2. Cess on sin items like alcohol 

India witnessed big queues across cities after liquor shops opened up in Lockdown 3.O. Critics fear non adherence to social distancing norms could lead to a spike in cases. Mumbai shut down the liquour stores after two days. Many states are allowing them to remain open.

Delhi has again taken the lead here by levying a special corona fee of 70%. Andhra has levied a special tax of 75% while West Bengal 30%. Several state governments in India control liquor retailing or wholesale distribution or both and it is a major source of their revenue. This will not receive backlash from people. Sin products have been taxed aggressively by governments time and again and this time it will be no different. 

According to CIABC, alcohol contributes nearly Rs 2 trillion to state governments’ coffers during a fiscal, making up 10%-15% of own tax revenues of states. 

3. Increase taxes on real estate transactions

Taxes on property and capital transaction accounted for 11.3% of states own revenue collections in 2019-20. The lockdown has impacted the number of property registrations across the country. Revenue generated from registration of documents in Mumbai has declined from Rs 377.13 crore in March to a meagre Rs 43,547 in April. 

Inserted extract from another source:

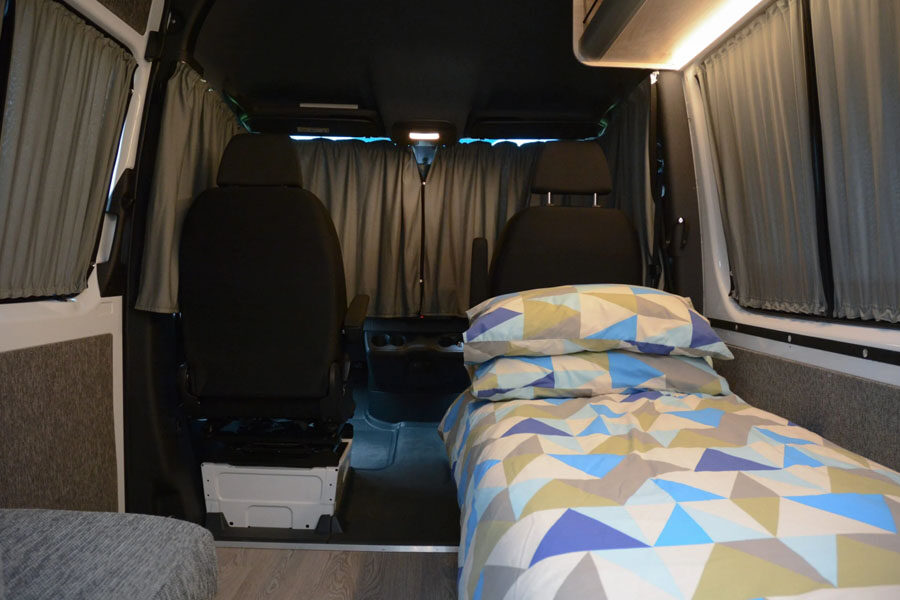 Opgemaakt eenpersoonsbed die je kunt ombouwen tot tweepersoonsbed in de Pacific Horizon 2 plus 1 camper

In 2019-20, state governments had hoped to earn a total of ₹1.60 trillion from taxes on property and capital transactions.

4. Delaying payments of vendors

Though not advisable, some states may not have any other option. Delaying payments is likely to increase the fund flow position of state governments and help them tide over the crisis. MSMEs could be spared and payments delayed of only big firms.

5. Pay cut for government staff 

When employees in private sector are losing jobs and suffering pay cuts, why should government staff be insulated? That too, when many would not have been able to work from home due to nature of their role, lack of digitization etc.

Half a dozen state governments have announced cuts in employee salaries or deferment of payment. Deferments also helps improve fund flow and reduce borrowings. 

6. Suspension of MLA Development funds

Central government has already announced suspension of MPLAD Funds scheme for 2 years. States could follow suit given the crunch. Assam and UP have already announced this. Other states could do the same as well.   

7. Give it up campaign

States can run a give it up campaign like central government ran for subsidy on LPG cylinders. Across states a high number of people are availing the schemes for the poor, much higher than the people below poverty line.

The National Food Security Act (NFSA) covers 75% of population in rural areas and 50% in urban areas. People who have moved up the ladder can be coaxed to give up their subsidized ration entitlement.

To sum up, exceptional circumstances call for exceptional decisions. The state governments will need to come up with innovative strategies to fight COVID-19’s impact on their finances.